Vuillermoz ne disait-il pas : "Les harmonies de Ravel portent très
nettement ce qu'on pourrait appeler ses "empreintes digitales"" ?
Cette prédilection pour le piano
se retrouve d'ailleurs dans son corpus de mélodies : chez Ravel,
ce sont des courtes scènes de genre, où l'accompagnement
se développe en soi, indépendamment du texte que scande la
prosodie la plus exacte qui soit. L'action se passe au piano, le chant
la commente. Mais ne croyez pas que le chant ravélien n'est qu'un
faire-valoir. Tout comme Debussy et Fauré, s'il renie le bel
canto et s'oppose à un chant trop généreux, comme
dans le répertoire italien, c'est pour mieux servir le texte, à
la manière des grands compositeurs baroques français. Pour
ce faire, il choisit presque toujours des textes plus provocateurs que
poétiques, des proses, des sujets quotidiens et non d'élévation,
des textes étrangers ou traditionnels : des mots qui existent comme
tels et non, déjà, comme musique poétique. Pour ces
raisons, les grands interprètes des mélodies de Ravel seront
avant tout des "diseurs", des tempéraments, ce qu'on appel parfais
des chanteurs de "demi-caractère".
LES GRANDS
CYCLES
Shéhérazade
Sur des textes de Tristan Klingsor,
ami du compositeur, ces trois mélodies (Asie, La Flûte
enchantée, L'Indifférent) existent dès leur date
de composition (1903), en version pour orchestre ou pour piano. Cycle le
plus célèbre de Ravel et éternel cheval de bataille
des sopranos lyriques, il reprend d'infimes éléments d'un
projet d'opéra que le compositeur destinait à l'illustration
du thème des Mille et une Nuits et dont seule l'ouverture
fut réalisée. Très proche de Debussy et de l'orientalisme
ces pièces, bien qu'harmoniquement très ravéliennes,
recherchent la grande forme et une continuité dont le wagnérisme
pourrait être la source.
*Asie :
Pièce de loin la plus développée
du cycle, cette longue évocation de l'Orient ( plus de dix minutes)

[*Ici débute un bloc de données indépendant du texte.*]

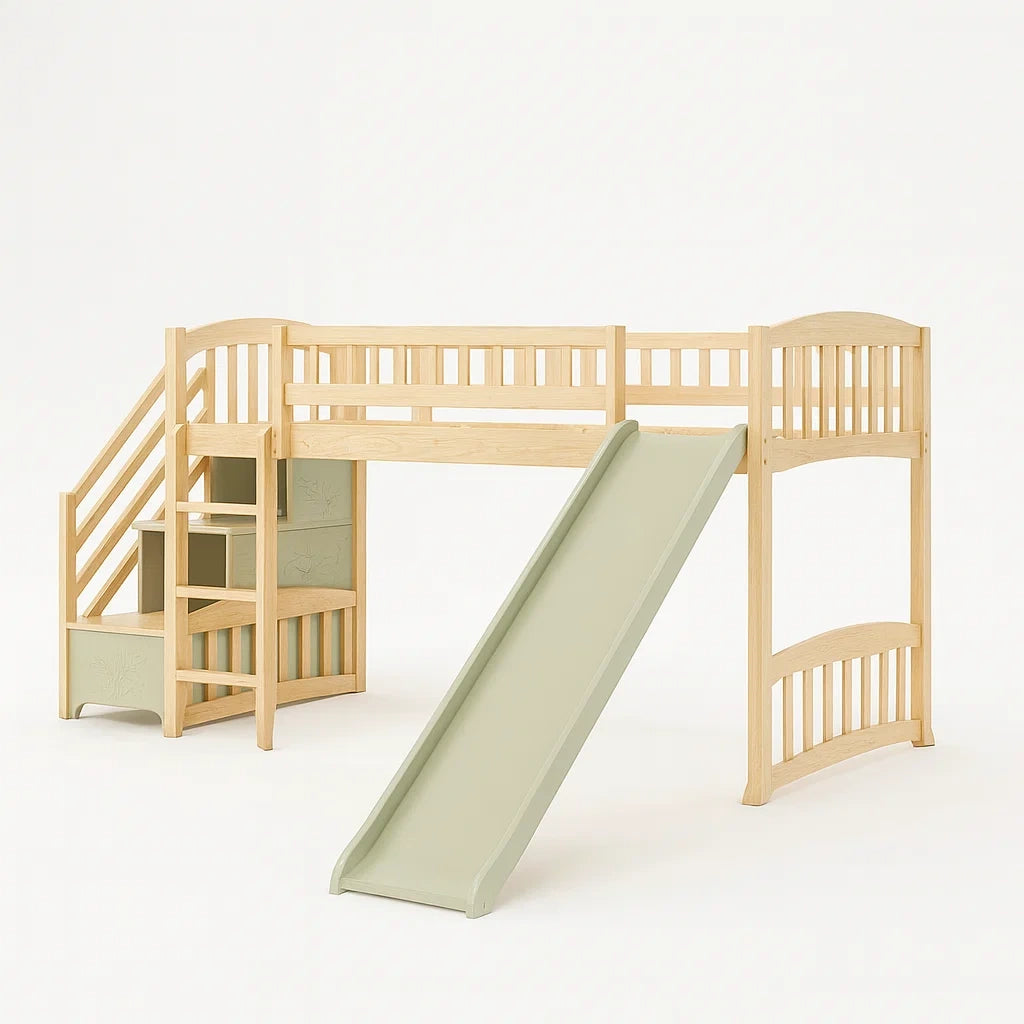 Hochbett mit Rutsche und Treppe aus Holz, Naturholz und Beige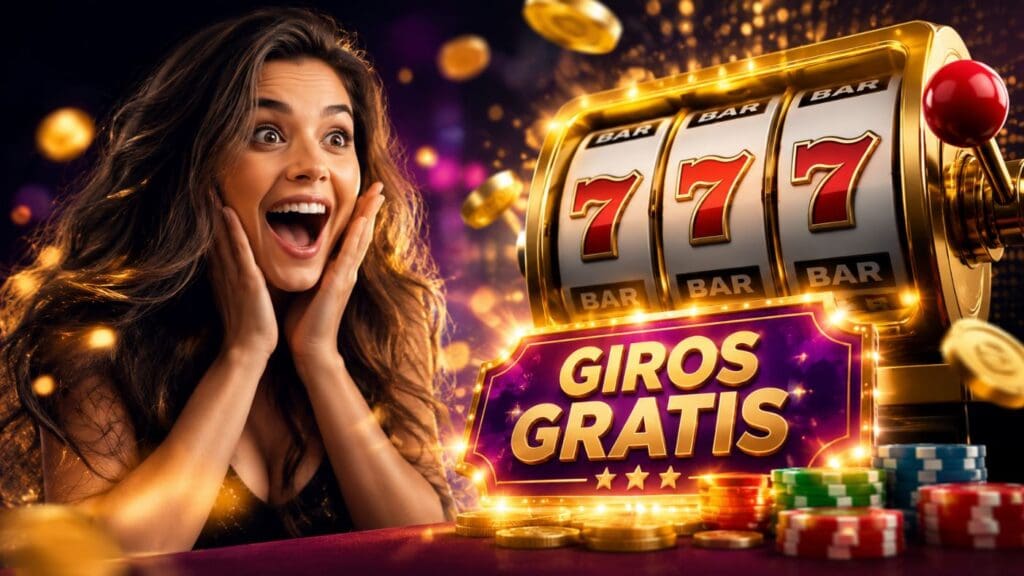 Casinos con giros gratis usuario revisando las condiciones de un bono de free spins frente a una tragamonedas en un casino online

s'ouvre sur trois fascinants appels au continent inconnu, accompagnés
par les couleurs raffinées du hautbois, des cordes en sourdine et
de multiples percussions. Chaque section est introduite par le même
vers "Je voudrais voir" de plus en plus pressant pour culminer vers l'ultime
désir du poète "Je voudrais voir mourir d'amour ou bien de
haine". Chaque section a sa couleur et son rythme spécifiques, ce
qui donne à la pièce une forme très spéciale
: nous sommes devant une suite d'hallucinations, de fantasmes qui vont
crescendo.
La Mélodie se termine par un retour de la section initiale qui ramène
cette angoissante et fascinante proposition aux dimensions du rêve.
*La Flûte enchantée
:
Courte scène de harem : le
maître dort tandis que la Bien-aimée jouit des baisers mystérieux,
transmis par les sons enamourés de la flûte, que son "amoureux
chéri joue". Sans développement aucun, le compositeur nous
présente juste un instant de félicité dans une histoire
impossible : les sonorités pleines d'espoir et de mélancolie
de la flûte solo s'entrecroisent avec la mélodie, comme pour
vivre une tendresse, un contact impossibles. Il existe une très
belle version pour piano, chant et flûte solo.
*L'Indifférent :
Peut-être la plus déroutante
des mélodies de Ravel, cette évocation de la beauté
androgyne d'un jeune homme, sorte d'effusion lyrique et pénétrante
du poète, comme l'aveu d'une attirance toute personnelle, est illustrée
de façon magistrale par le compositeur. L'accompagnement paresseux
de l'orchestre, presque languide, évoque cette "démarche
féminine et lasse" mais aussi la fascination du narrateur pour ce
jeune homme. Le dénouement, ancré dans la réalité,
est traité a capella comme pour évoquer le réveil
douloureux au sortir d'un rêve trop beau.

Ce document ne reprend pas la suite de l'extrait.